Questo vuol dire che il Made in Italy è geograficamente localizzato nella penisola ma è culturalmente sparpagliato e sparpagliabile in qualunque azienda della terra.
Per mantenere un marchio ancorato alla sua identità bisogna continuamente rinegoziarne i valori con la contemporaneità e non lasciare che si appiattiscano diventando così di facile uso e consumo.
La ragione per la quale dolce vita, dolce far niente, pane, amore e fantasia e anche Made in Italy sono diventati degli stereotipi inutilizzabili è che il loro significato si è solidificato a tal punto che spesso la rappresentazione dell’Italia ne risulta monotona e lontana dalla realtà.
Del resto se lasciate una torta di compleanno troppo a lungo dentro il frigorifero rimane bella fuori ma immangiabile dentro.
Il rimedio a questo lento declino passa per una risignificazione del Made in Italy. Risignificare è una parola difficile che quelli del marketing della Coca-Cola non userebbero mai ma che sta molto vicina a espressioni come relaunch o reboot, che non fanno sospettare un troppo complesso approccio semiotico.
Innanzitutto se Made in Italy volesse veramente dire fatto in Italia conterrebbe in sé delle garanzie di tutela dei lavoratori e di rispetto dell’ambiente che in altre parti del mondo sono scarsamente tenute in considerazione. In una parola diventerebbe un sinonimo di sostenibile vincendo la gara all’approccio etico e in questo modo portando anche una più profonda giustificazione a costi produttivi molto più alti.
Una moda diversa
In secondo luogo sarebbe interessante che l’immaginario associato all’espressione Made in Italy non fosse solo la riproposizione di modelli pre industriali in cui la manualità è l’unico valore assoluto ma che inglobasse anche l’innovazione, la ricerca, lo sviluppo di idee.

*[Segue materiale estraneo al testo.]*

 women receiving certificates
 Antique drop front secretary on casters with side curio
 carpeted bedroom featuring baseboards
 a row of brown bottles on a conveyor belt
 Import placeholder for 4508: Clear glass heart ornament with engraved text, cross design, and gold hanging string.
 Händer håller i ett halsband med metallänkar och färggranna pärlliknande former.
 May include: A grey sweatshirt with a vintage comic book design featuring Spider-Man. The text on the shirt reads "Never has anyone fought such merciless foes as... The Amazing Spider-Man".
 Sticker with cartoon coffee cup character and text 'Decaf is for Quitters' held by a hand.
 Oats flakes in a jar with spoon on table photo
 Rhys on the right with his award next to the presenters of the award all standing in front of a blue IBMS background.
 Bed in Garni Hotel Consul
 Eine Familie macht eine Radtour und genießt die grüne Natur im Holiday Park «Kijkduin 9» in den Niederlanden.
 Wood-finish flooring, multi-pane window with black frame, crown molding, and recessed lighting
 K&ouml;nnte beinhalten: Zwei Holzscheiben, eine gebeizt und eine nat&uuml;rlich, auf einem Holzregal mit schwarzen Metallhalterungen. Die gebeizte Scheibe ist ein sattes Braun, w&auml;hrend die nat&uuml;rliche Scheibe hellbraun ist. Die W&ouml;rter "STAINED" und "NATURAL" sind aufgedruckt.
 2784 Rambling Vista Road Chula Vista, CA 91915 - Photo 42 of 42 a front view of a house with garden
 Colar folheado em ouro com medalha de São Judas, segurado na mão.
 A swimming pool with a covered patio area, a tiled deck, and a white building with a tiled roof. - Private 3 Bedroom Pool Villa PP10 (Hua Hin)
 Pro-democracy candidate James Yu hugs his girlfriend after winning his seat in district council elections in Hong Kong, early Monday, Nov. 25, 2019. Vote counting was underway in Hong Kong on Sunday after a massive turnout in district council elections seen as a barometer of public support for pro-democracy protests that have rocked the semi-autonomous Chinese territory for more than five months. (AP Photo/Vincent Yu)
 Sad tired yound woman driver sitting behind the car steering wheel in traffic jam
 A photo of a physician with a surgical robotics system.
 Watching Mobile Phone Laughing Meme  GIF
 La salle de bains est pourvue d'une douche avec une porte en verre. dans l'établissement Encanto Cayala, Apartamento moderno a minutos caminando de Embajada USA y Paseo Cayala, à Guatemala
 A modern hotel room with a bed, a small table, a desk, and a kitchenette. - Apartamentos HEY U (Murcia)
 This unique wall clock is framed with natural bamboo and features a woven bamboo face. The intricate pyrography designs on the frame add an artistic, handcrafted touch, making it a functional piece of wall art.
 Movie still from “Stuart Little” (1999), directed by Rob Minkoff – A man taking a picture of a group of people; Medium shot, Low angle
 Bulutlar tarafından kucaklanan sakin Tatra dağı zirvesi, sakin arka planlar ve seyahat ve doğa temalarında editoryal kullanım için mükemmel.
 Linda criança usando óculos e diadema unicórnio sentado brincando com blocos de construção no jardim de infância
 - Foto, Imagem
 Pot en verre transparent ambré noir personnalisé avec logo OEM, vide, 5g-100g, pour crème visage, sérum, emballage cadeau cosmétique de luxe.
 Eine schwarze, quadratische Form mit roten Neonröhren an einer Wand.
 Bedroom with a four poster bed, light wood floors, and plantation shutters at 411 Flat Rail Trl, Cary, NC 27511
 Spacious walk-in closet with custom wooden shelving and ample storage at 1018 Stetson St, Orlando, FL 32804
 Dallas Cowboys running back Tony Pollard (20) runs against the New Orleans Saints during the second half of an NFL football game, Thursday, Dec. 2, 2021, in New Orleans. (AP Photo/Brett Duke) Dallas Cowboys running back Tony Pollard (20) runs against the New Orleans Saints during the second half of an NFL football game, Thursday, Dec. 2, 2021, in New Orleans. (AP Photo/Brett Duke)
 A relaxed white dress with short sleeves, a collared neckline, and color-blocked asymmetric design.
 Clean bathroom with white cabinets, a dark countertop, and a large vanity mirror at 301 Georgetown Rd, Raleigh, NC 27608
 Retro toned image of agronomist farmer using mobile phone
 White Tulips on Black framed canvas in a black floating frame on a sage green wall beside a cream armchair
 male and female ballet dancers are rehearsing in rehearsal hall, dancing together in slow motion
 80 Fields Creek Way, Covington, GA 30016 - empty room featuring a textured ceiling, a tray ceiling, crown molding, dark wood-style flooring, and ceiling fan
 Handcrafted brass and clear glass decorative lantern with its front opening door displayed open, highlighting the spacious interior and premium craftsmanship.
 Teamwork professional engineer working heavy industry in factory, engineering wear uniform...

Non esistono solo calzaturifici che costruiscono una per una décolleté gioiello per ricche signore cinesi ma ci sono anche produttori di felpe o t-shirt che partecipano a progetti lontani dal mondo del lusso ma ugualmente significativi. Un luminoso esempio è Garment Workshop di Federico Barengo e Valerio Coretti, una collezione di streetwear interamente prodotta in Italia a prezzi assolutamente competitivi.
E come non ricordare New Guards Group, creata da Marcelo Burlon, Claudio Antonioli e Davide De Giglio che ha sfornato marchi come County of Milano, Palm Angels e il mitico Off-White? Non tutto il prodotto è fatto in Italia ma il modo in cui culturalmente è stata affrontata l’idea dell’imprenditorialità di moda italiana dovrebbe essere seguito da molti. Sarà per questo che il colosso delle vendite online Farfetch ha sborsato 603 milioni di Euro per appropriarsene nel 2018.
«Stiamo come stiamo», dice una famosa canzone delle sorelle Bertè che parla di isolamento e rassegnazione, due temi di cui entrambe erano molto pratiche ma che sono anche tipici della cultura italiana. Ma la canzone da anche una ricetta per uscirne: «Ma i fari passano tagliando la notte sopra il mare/c’è una piramide di cielo ancora da scalare/per noi soldati di ventura in questo metro quadro/sì, per adesso è molto dura/lo sfameremo questo amore così magro».
Chissà se chi vincerà le prossime elezioni accenderà dei fari per illuminare le meravigliose ma buie notti italiane, quelle in cui esistono infinite possibilità inesplorate e in cui c’è una massa di gente pronta a combattere per raccontare storie diverse?